2. Use the Environment as the Reinforcer
Whenever possible, allow the behavior itself to contact reinforcement. For example, a learner who requests a break should receive the break, not a token for the break. This helps shift control from external items to functional outcomes.
3. Thin, Don’t Eliminate
Reinforcement thinning should be gradual and data-informed. Abruptly removing primary reinforcers can increase frustration and problem behavior. Instead, increase response requirements slowly while monitoring engagement and effect.
4. Expand the Reinforcer Menu
Classroom reinforcers don’t have to be tangible items. Leadership roles, peer interaction, choice-making opportunities, and movement-based activities can all function as reinforcers when introduced intentionally.
5. Teach Learners to Access Reinforcement
One of the most empowering shifts happens when learners are taught how to request, negotiate, or self-manage reinforcement. This transforms reinforcers from something “given” to something the learner can actively obtain.
Don’t miss our next CEU event on Thursday, January 22 at 12pm EST or get the recording.

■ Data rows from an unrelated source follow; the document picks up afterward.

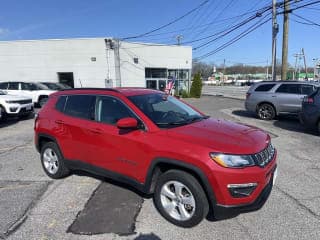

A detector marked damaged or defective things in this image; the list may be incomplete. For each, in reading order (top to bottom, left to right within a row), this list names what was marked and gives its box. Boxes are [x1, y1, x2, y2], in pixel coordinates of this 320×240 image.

cracked pavement [0, 94, 320, 239] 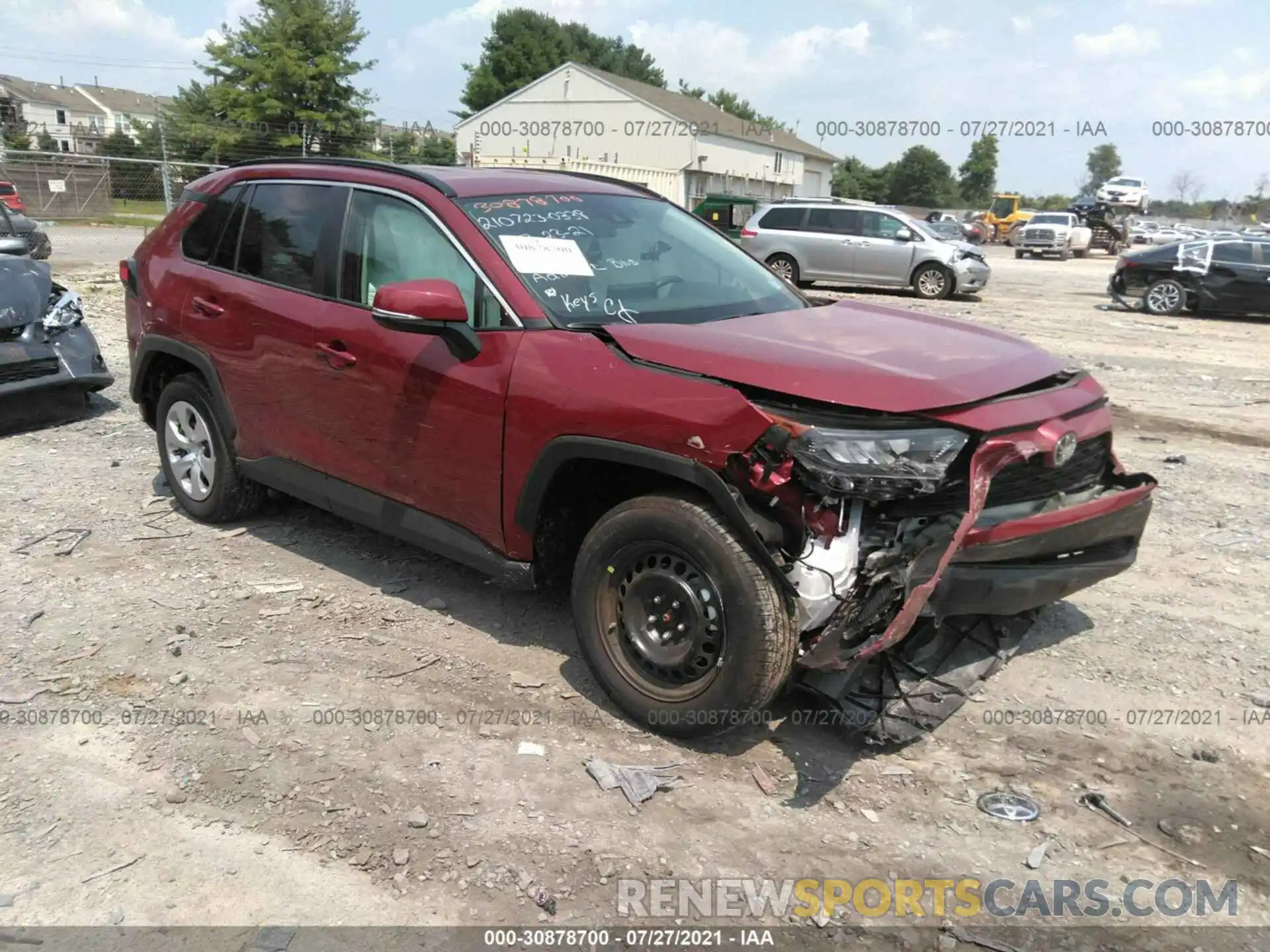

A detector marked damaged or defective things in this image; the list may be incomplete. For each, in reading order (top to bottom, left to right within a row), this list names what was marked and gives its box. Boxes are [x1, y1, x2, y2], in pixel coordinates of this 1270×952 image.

damaged front end [0, 255, 114, 401]
crumpled front bumper [0, 327, 114, 401]
broken headlight [787, 424, 965, 500]
damaged front end [726, 376, 1153, 715] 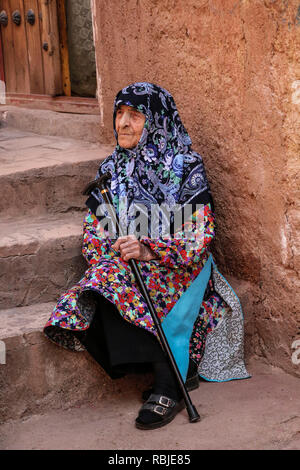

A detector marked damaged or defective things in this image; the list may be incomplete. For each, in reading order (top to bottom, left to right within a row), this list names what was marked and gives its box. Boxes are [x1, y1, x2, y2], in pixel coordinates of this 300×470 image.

cracked wall surface [91, 0, 300, 374] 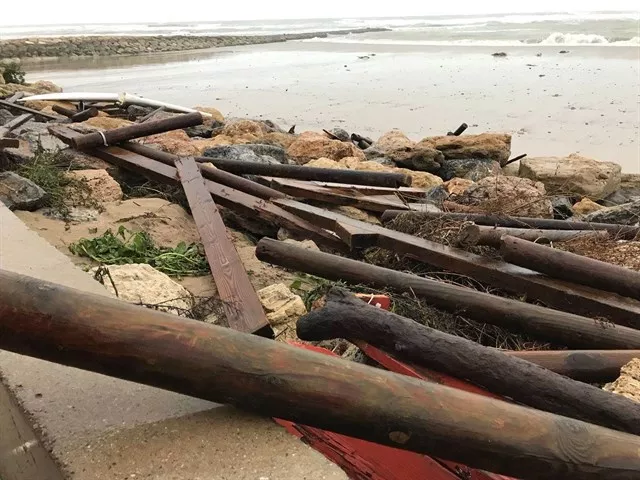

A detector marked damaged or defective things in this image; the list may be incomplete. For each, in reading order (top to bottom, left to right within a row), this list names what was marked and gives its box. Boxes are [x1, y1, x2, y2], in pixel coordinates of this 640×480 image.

broken wooden debris [62, 111, 202, 150]
broken wooden debris [174, 158, 268, 334]
splintered wood [174, 158, 268, 334]
broken wooden debris [256, 238, 640, 346]
broken wooden debris [276, 199, 640, 326]
broken wooden debris [380, 211, 640, 239]
broken wooden debris [458, 224, 608, 248]
broken wooden debris [502, 235, 640, 302]
broken wooden debris [1, 270, 640, 480]
broken wooden debris [296, 288, 640, 436] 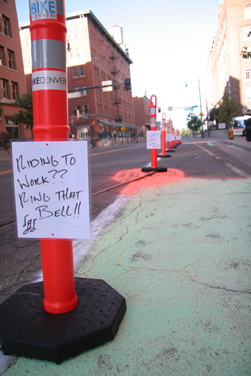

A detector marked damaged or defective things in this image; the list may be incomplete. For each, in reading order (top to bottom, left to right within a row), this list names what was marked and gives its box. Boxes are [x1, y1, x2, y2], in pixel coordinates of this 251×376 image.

cracked pavement [4, 174, 251, 376] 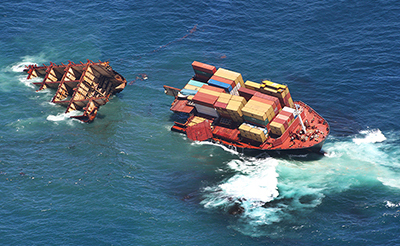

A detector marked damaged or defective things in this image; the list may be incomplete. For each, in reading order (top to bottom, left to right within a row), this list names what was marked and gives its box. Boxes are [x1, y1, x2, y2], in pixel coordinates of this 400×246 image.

broken cargo ship [23, 60, 126, 122]
broken cargo ship [164, 61, 330, 156] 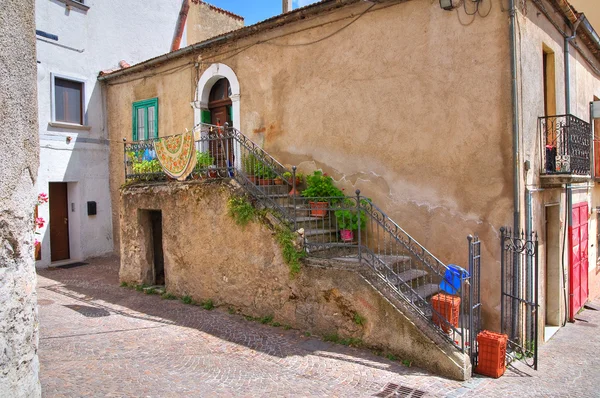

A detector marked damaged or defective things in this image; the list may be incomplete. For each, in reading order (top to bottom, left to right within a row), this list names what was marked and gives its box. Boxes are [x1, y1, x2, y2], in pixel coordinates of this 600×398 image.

peeling plaster wall [0, 0, 41, 396]
peeling plaster wall [120, 182, 468, 380]
peeling plaster wall [105, 0, 512, 330] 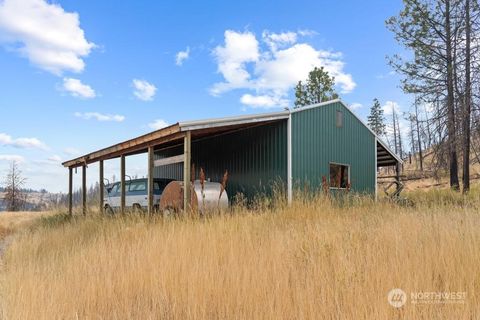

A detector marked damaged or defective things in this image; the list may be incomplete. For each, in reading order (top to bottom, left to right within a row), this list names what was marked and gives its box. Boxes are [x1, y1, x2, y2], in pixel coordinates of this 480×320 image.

rusty metal tank [159, 180, 229, 215]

Join us here!
What Reinforcement Success Really Looks Like
Moving away from concrete reinforcers in the classroom doesn’t mean a learner never earns a tangible reward again. It means the learner is no longer dependent on them to engage, persist, or feel successful. The ultimate goal is flexibility: using ABA reinforcers that fit the context, honor the learner, and support real-world functioning.
When natural reinforcers are thoughtfully embedded, learners begin to experience reinforcement the way the rest of the world does: through connection, competence, autonomy, and meaningful outcomes.
Reinforcers are not bribes. They’re communication tools that tell learners, “This behavior works.” A primary reinforcer, a conditioned reinforcer, or a naturally occurring outcome all serve that same purpose when used ethically.
By taking a compassionate, learner-centered approach to reinforcement, practitioners can move beyond reliance on tangibles while still honoring the science of behavior and the humanity of the individual. That balance, between effectiveness and ethics, is where the best ABA practice lives.